WHAT TO WORK ON.
Output must consist only of the lines of the material below from the one with "Patinated Brass Arts" through the one with "Chaise Lounge cu", each reproduced exactly; no pictures belong in it.

EXTRACTED RECORDS.
○ ○ ○ ○ ○
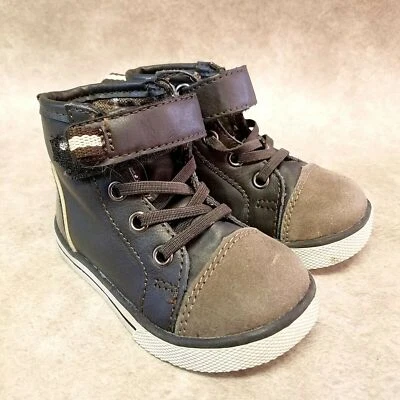 Cherokee Niños 093022541 Talla 5 Marrón Negro Cuero Cordones Botines Tenis Foto 1 de 4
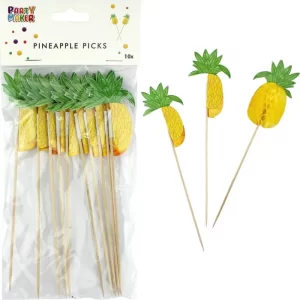 Summer Pineapple Honeycomb Picks (Pack Of 10)
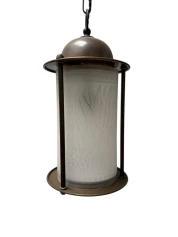 Patinated Brass Arts & Crafts Art Nouveau Lantern, 1900s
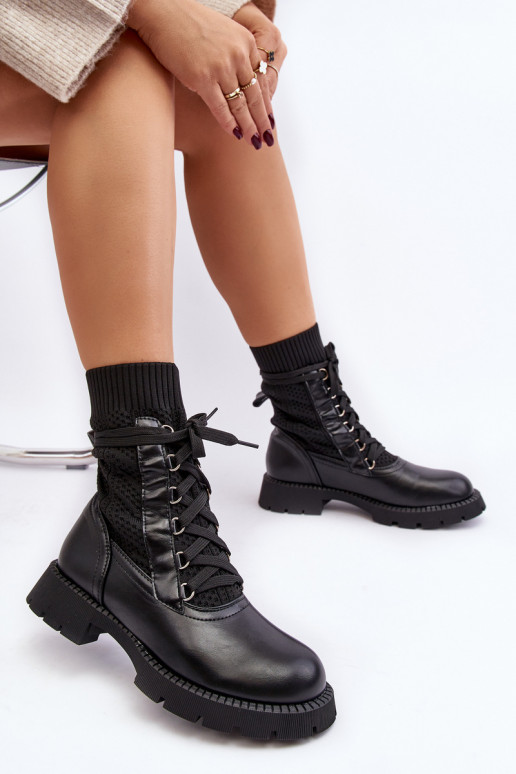 Women's lace-up ankle boots with sock black Gentiana Women's lace-up ankle boots with sock black Gentiana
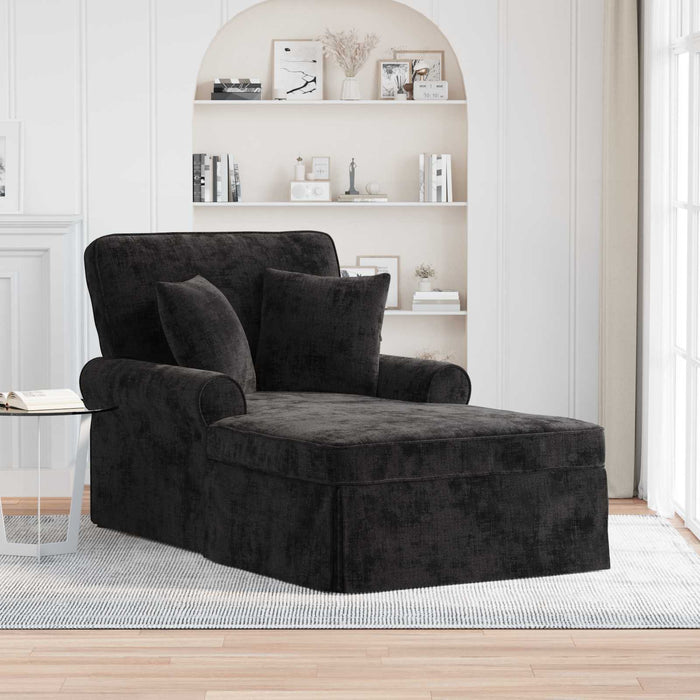 Chaise Lounge cu fustă cu pernă Negru 157 x 91 x 91 cm ARES WALTI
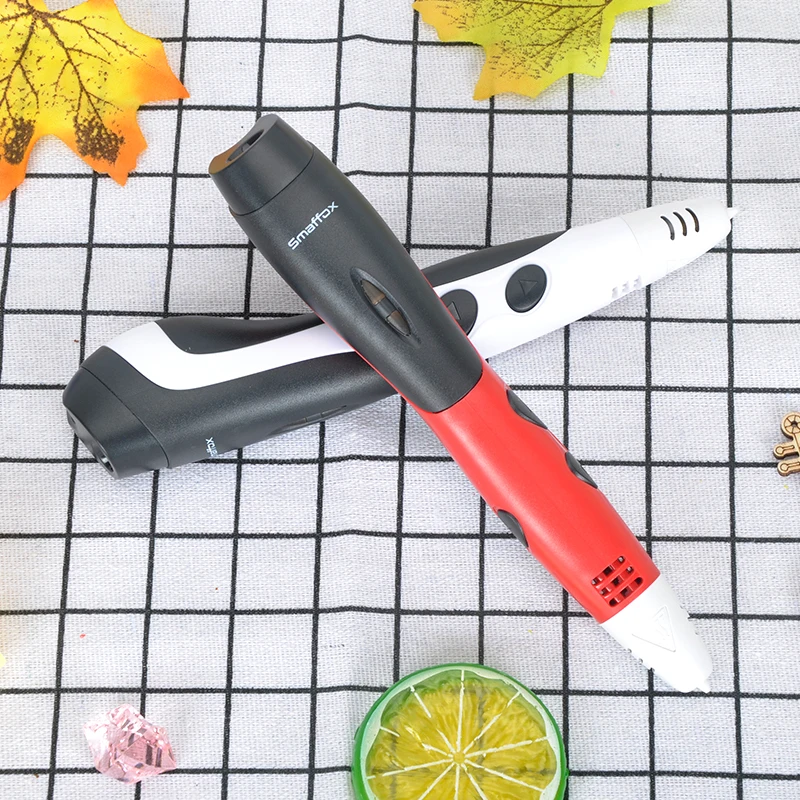 Smaffox 3D ручка со встроенным аккумулятором, 5V 2A USB адаптер переменного тока, низкая температура 3D Печатающая ручка, безопасная для детей «Человек-паук», творческий образование подарок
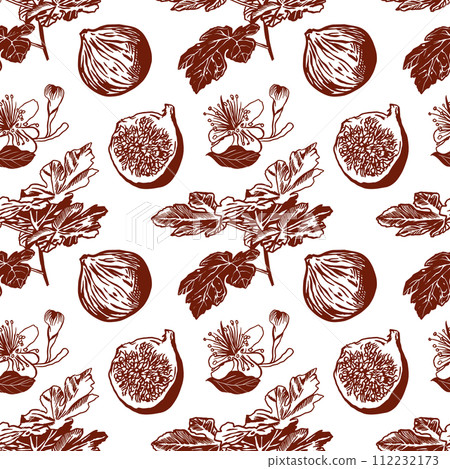 Fig graphics, seamless pattern. Vector illustration. Design element for food, cosmetics, cards, wallpaper, wrapping paper, textile, fabric, covers. 112232173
○ ○ ○ ○ ○
RESULT OF THIS TASK.
 Patinated Brass Arts & Crafts Art Nouveau Lantern, 1900s
 Women's lace-up ankle boots with sock black Gentiana Women's lace-up ankle boots with sock black Gentiana
 Chaise Lounge cu fustă cu pernă Negru 157 x 91 x 91 cm ARES WALTI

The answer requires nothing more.